The Guardian ★★★★ _
The stage is empty, except for the oversized stool and the naked woman (Silvia Gallerano) who sits under harsh spotlights. There is nowhere to look but her, nothing to hear but her. And this woman demands to be watched. She demands to be listened to. She demands you pay attention: because she is going to be a star.
Written by Cristian Ceresoli, La Merda is a true steam of consciousness and Gallerano tears right through it. She shouts out in self-important rage, then softly whispers asides. She barrels through words and phrases, relentlessly driving forward in unstoppable energy, each of the three acts of this one-hour show. It builds in intensity until Gallerano is screaming into the microphone, our ear drums about to burst and then, suddenly: blackout and silence.
This woman is at once repulsive and sympathetic.
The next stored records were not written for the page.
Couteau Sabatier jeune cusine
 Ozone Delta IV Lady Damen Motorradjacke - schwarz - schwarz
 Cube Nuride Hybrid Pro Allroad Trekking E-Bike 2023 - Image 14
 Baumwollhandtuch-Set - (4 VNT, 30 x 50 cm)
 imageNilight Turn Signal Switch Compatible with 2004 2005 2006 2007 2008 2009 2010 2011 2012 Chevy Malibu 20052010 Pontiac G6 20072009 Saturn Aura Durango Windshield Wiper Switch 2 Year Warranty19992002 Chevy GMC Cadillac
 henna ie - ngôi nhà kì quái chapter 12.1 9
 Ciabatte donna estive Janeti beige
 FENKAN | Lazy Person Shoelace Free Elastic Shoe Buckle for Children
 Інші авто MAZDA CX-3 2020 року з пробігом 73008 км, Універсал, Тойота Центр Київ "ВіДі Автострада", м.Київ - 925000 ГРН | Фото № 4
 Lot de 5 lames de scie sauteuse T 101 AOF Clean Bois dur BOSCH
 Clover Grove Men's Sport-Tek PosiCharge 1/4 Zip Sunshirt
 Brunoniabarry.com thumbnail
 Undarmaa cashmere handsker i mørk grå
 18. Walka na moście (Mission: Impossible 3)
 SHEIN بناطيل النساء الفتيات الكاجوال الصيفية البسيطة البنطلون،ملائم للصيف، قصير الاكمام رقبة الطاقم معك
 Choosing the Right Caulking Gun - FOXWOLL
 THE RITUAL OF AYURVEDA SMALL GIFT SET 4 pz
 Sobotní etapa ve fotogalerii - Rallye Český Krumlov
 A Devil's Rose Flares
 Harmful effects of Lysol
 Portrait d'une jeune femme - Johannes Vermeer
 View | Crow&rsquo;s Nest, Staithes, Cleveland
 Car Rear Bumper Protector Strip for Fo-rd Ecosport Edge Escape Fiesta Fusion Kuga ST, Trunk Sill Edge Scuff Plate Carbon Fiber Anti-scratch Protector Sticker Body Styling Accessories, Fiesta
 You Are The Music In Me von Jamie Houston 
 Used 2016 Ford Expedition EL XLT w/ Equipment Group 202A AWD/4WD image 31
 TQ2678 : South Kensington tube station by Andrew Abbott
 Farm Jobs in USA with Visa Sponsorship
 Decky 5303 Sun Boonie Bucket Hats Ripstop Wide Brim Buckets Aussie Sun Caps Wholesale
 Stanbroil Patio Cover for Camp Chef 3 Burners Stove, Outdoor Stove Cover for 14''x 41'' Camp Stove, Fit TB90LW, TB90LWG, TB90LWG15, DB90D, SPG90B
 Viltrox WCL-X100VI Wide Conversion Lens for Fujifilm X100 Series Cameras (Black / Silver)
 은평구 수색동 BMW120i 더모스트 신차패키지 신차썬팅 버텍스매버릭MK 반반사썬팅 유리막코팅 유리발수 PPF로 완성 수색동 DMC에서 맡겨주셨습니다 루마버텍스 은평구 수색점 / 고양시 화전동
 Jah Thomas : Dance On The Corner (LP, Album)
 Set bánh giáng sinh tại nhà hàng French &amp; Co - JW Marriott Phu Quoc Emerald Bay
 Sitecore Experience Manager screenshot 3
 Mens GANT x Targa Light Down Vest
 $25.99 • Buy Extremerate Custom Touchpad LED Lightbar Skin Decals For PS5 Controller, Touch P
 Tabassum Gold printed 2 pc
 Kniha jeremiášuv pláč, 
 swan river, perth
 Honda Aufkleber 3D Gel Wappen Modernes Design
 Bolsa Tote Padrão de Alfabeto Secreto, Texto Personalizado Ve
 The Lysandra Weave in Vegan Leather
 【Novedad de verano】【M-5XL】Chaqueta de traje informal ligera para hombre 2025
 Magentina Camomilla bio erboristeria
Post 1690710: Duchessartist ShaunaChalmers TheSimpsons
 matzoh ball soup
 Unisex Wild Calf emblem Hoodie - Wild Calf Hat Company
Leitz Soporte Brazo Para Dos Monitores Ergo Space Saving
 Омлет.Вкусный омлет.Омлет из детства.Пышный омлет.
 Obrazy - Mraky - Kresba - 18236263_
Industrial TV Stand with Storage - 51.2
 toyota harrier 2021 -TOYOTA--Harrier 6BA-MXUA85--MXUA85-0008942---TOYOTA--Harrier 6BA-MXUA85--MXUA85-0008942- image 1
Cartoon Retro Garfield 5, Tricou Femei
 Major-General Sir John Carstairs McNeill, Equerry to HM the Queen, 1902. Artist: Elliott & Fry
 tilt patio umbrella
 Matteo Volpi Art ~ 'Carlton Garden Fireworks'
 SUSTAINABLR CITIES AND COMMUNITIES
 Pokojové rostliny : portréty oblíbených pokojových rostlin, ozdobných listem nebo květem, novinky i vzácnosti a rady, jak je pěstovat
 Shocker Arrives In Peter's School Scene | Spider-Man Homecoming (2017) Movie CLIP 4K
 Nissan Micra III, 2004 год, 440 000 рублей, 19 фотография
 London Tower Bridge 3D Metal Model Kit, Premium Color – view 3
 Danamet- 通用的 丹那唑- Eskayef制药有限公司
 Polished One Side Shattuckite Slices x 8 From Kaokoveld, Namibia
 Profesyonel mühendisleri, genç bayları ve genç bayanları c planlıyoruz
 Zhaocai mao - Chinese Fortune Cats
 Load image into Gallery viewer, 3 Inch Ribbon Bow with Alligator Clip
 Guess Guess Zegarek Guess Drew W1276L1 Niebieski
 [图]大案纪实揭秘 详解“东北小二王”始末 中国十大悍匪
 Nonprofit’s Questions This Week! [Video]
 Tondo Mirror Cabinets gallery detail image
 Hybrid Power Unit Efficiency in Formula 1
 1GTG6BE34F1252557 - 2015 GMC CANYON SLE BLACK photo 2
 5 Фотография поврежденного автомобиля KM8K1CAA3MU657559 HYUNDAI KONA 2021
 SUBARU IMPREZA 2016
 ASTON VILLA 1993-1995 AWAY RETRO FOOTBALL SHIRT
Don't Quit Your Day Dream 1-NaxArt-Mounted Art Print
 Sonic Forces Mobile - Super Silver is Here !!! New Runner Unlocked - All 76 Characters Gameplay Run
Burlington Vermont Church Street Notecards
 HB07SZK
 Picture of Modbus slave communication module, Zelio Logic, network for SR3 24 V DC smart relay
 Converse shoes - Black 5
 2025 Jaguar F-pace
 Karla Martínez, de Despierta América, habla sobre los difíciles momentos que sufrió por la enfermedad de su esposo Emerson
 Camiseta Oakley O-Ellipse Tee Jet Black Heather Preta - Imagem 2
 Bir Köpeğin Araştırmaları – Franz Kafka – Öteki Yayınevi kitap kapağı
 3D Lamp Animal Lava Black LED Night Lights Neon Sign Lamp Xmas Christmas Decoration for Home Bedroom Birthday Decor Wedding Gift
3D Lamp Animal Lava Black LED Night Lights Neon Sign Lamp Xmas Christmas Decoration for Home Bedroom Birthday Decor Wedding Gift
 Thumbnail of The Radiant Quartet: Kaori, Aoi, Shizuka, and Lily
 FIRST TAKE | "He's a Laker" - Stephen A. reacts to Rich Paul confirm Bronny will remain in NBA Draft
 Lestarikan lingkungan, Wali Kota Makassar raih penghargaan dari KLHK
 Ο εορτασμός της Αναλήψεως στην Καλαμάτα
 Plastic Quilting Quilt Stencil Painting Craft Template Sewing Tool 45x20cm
She creates crass impersonations, she tells us how she manipulates people to get what she wants, how she is obsessed with fame above all else. She also details how, as a teenager, she was sexually assaulted and as an adult she was raped.
She is irreparably obsessed with her body, so disgusted by her thighs that she used to visited a woman who slathered them with yellow cream and electrodes for 40 minutes a week. Her beloved father committed suicide when she was 13, and she still obsesses over the incident.
As self-loathing as she is self-loving, constantly conflicted, trying to laugh away her pain. Unapologetically, she takes up space, angry at her life and at the politics of Italy, knowing she is destined for something bigger.
Gallerano sits naked, shamelessly demanding to be seen. But the focus is always on her face: often ferocious, frequently violent, sometimes contorting in laughter, but always utterly compelling.